Despite consensus being reached on the urgency for humanitarian action, the actions necessary to deliver resilience to smallholder farmers were barely defined. And, more importantly, the gap between funding pledged and that amounts necessarily to combine emergency relief with long-term development has been striking.
Agriculture policy gaps
International support for long-term strategic investment in agriculture, regarded as critical if repetitive food crises are to be averted, have long been muted by short-term efforts focusing on the disbursement of food aid and elementary measures to mitigate chronic food insecurity.
A myopic donor policy framework, based largely around principles of market liberalisation, has historically placed trade promotion above food sovereignty for countries reliant on previously cheap food imports.
The food crisis in the Sahel has exposed the frailties of this present system, and rising food prices have dramatically increased the proportion of income that the poorest households in the region had to spend on food.
While development agencies can play a critical role in achieving transition from post-emergency to sustainable development by improving early warning systems and extending service support to farmers, interventions have been typically underfunded and understaffed with little potential to build local capacity.
Government support for unfettered liberalisation has inevitably waned as the number of vulnerable households affected by long term food insecurity has peaked without strategic safety nets to protect them. Meanwhile, risks to political stability and the possibility of social unrest pose threats to national development.

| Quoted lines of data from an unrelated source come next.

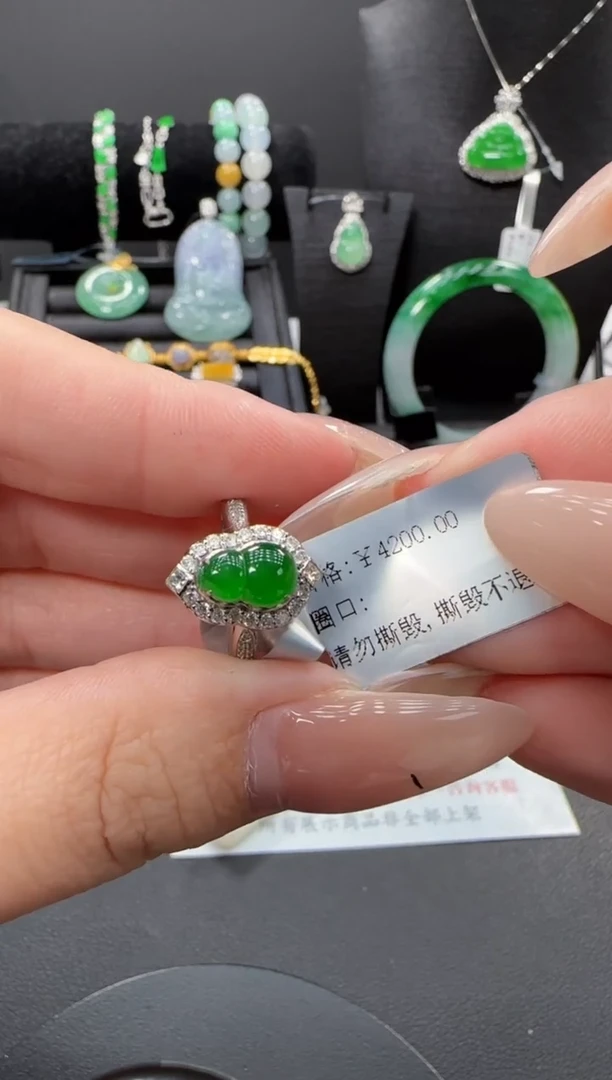 18K金镶嵌戒指翡翠翡翠戒指
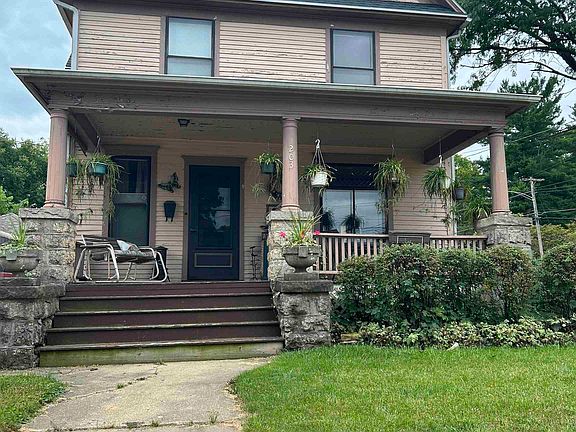 3rd image of 203 E Jefferson St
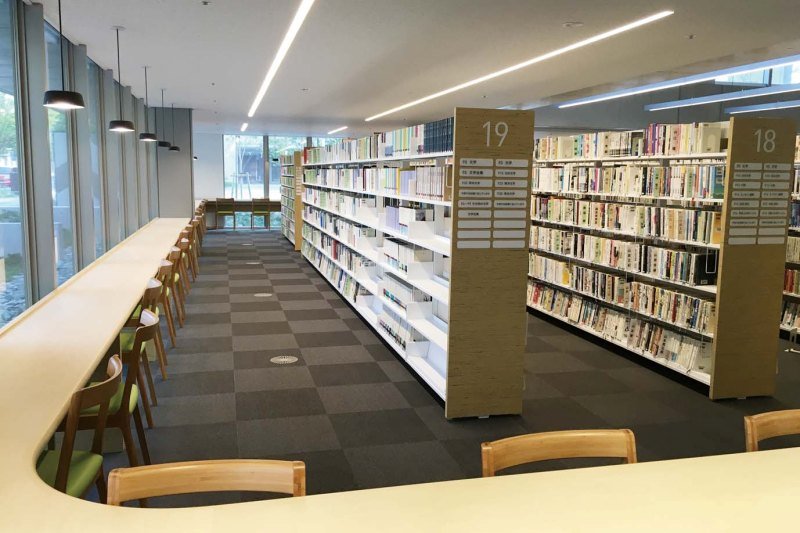 市内の分館では利用者が一番多い「東図書館」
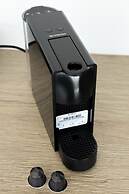 Spacious Urban Retreat Central 2-bedroom Haven for 8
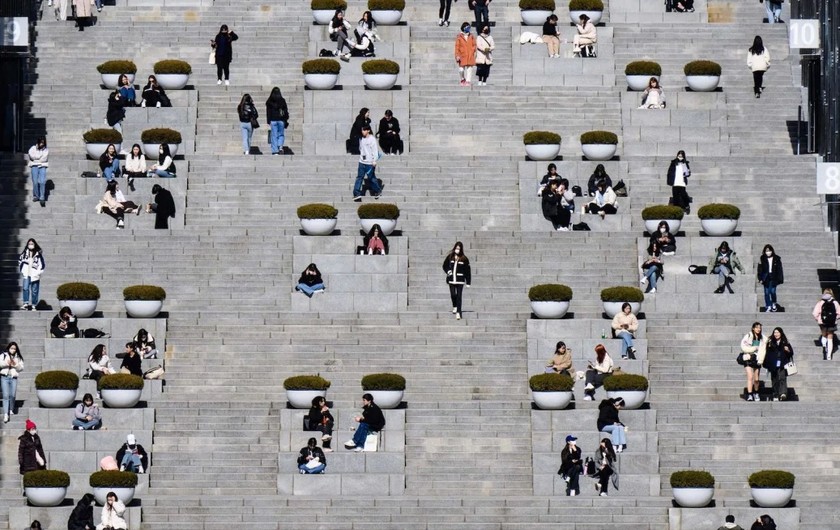 Sinh viên tại một khuôn viên trường đại học ở Seoul vào ngày 2/3/2023. Ảnh: Getty.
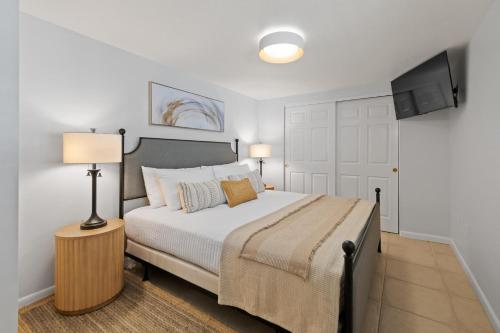 a bedroom with a bed and a television in it at Summer Lovin in Bailey Hall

Building resilient food systems in the Sahel is likely to require a scale-up approach, moving away from a focus on individual projects or flash appeals and moving towards the establishment of national and regional programmes. This will need to be sustained by ongoing funding from government, regional institutions, and development banks.
Within the region, popular measures to address cyclical food crises have centred on investments in rural infrastructure with a focus on enhancing food supply. Improving techniques to limit post-harvest losses and build up strategic food reserves provides a safety net for vulnerable households.
Indeed, grain reserves have already been successfully implemented in countries such as Mali and Ethiopia which has reduced the impact of variable rainfall and low crop production on food security.
The role of regional institutions has been paramount to regional food security interventions, especially in areas where donors have been hesitant to provide funding.
An initiative led by the Economic Community of West African States (ECOWAS), points to a new policy direction in addressing ways to break predictable cycles of famine. ECOWAS plans to implement a regional food reserve with built-in capacity to effectively respond to chronic food insecurity as part of a series of instruments used to regulate agricultural markets. This reserve is designed to complement national measures, acting as a ‘third line of defence’.
Following priority action within those areas defined within the ECOWAS agricultural policy, the food reserve aims to support the establishment of social safety nets while ensuring regional market integration. Implementation of the reserve is scheduled for later this year.
The establishment of regional instruments to safeguard food access may not mean the end of famine in the Sahel. The move, however, reflects growing internal political recognition of food insecurity as more than a humanitarian event, but as an issue of national and regional development.
By moving away from the laissez-faire doctrine, direct intervention in securing food supply represents a substantial policy shift for the West African sub-region, marking perhaps the beginning of an era of African food sovereignty.
The views expressed in this article are the author's own and do not necessarily reflect Fair Observer’s editorial policy.